Lexington Fall 2014 will be held on November 8th, 2014, with the following events:


2x2 Speedsolve 2 rounds
3x3 Speedsolve 3 rounds
4x4 Speedsolve 1 round (1:30 soft cutoff, 4:00 hard cutoff)
5x5 Speedsolve 1 round (2:15 soft cutoff, 5:00 hard cutoff)
7x7 Speedsolve 1 round (6:00 soft cutoff)
3x3 One Handed 1 round (1:00 soft cutoff, 2:00 hard cutoff)
Pyraminx 2 rounds (0:30 soft cutoff, 1:30 hard cutoff)
Skewb 1 round (0:30 soft cutoff, 1:30 hard cutoff)

Competing will cost $12, unless you are doing 7x7, which is an extra $4.
The venue this time is 328 Lowell Street, as the previous one is being renovated. Pizza and drinks will be provided for a small fee.

I hope to see you there!


----------



## Echo Cubing (Sep 19, 2014)

I think it will be a big surprise, looking forward to ....


----------



## UnsolvedCypher (Sep 20, 2014)

Echo Cubing said:


> I think it will be a big surprise, looking forward to ....



Something tells me you won't be there...


----------



## goodatthis (Sep 20, 2014)

Agh come on why does it have to be on the same day as the SATs? Second time I'll have to miss a comp for the SATs. (And second time I'm taking them too)

oh well.


----------



## UnsolvedCypher (Sep 21, 2014)

goodatthis said:


> Agh come on why does it have to be on the same day as the SATs? Second time I'll have to miss a comp for the SATs. (And second time I'm taking them too)
> 
> oh well.



I'm so sorry about that! I should have checked before choosing that date! Hopefully you can attend another comp as there are many in your area.


----------



## UnsolvedCypher (Oct 2, 2014)

One month before registration closes! Post if you're coming


----------



## ComputerGuy365 (Oct 2, 2014)

I'll try to come, not sure if I can go.


----------



## cubingandjazz (Oct 2, 2014)

I guess I'll try to make it


----------



## 1w3playZ (Oct 3, 2014)

Might go, I'm excited for Skewb and pyraminx!


----------



## UnsolvedCypher (Oct 4, 2014)

cubingandjazz said:


> I guess I'll try to make it


That would be nice 



1w3playZ said:


> Might go, I'm excited for Skewb and pyraminx!

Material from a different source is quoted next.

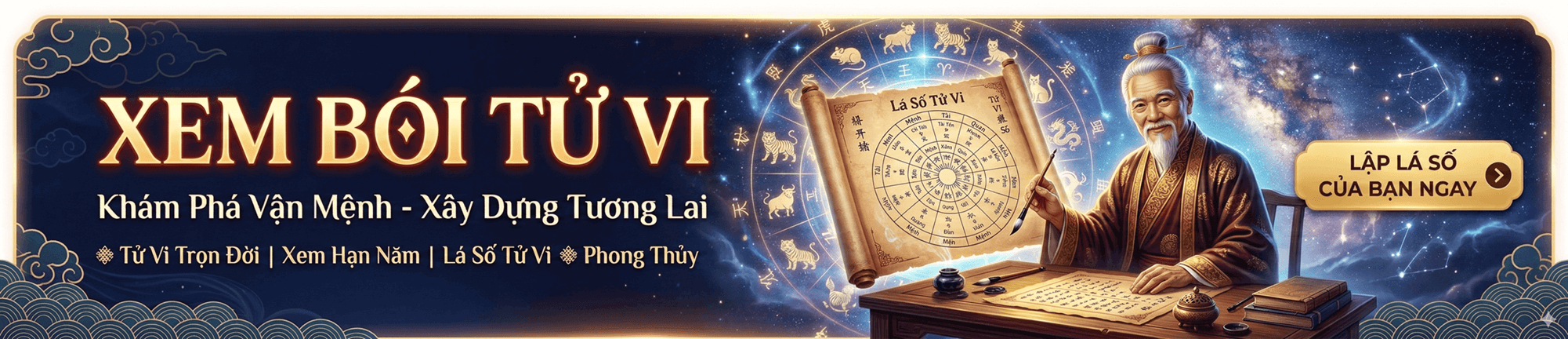 Tử Vi 2026 - Luận Giải Vận Mệnh Chính Xác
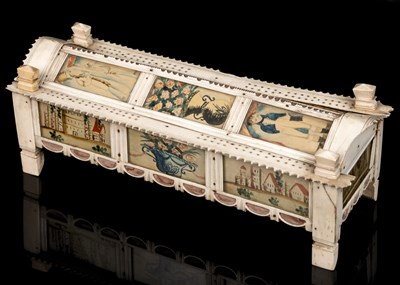 Lot 300 - A Napoleonic prisoner of war games box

Two rounds of Pyraminx this time!


----------



## Jen (Oct 23, 2014)

I'm coming! I'll be doing 2x2, 3x3, OH, and skewb


----------



## UnsolvedCypher (Oct 25, 2014)

Last week to sign up!


----------



## CorruptCanine (Nov 6, 2014)

Does anyone have a 2x2 they'd be willing to sell? I'm looking for a LingPo or Wittwo. If so PM me please!


----------



## acohen527 (Nov 6, 2014)

I didn't pre register- can I still compete by paying the $20 at the door? The website was a little unclear as to whether this was the case.


----------



## cubingandjazz (Nov 6, 2014)

Yes, you can pay at the door for $20. You can compete in however many events you want for that cost. Hope to see you there! (Just to clarify, I am co-organizing with Matt, so I can confirm this)


----------



## UnsolvedCypher (Nov 6, 2014)

Sam is correct, but the one exception is that signing up for 7x7 is $22 total rather than $20 total at the door. Also please note that only cash is accepted. I too hope to see you there!


----------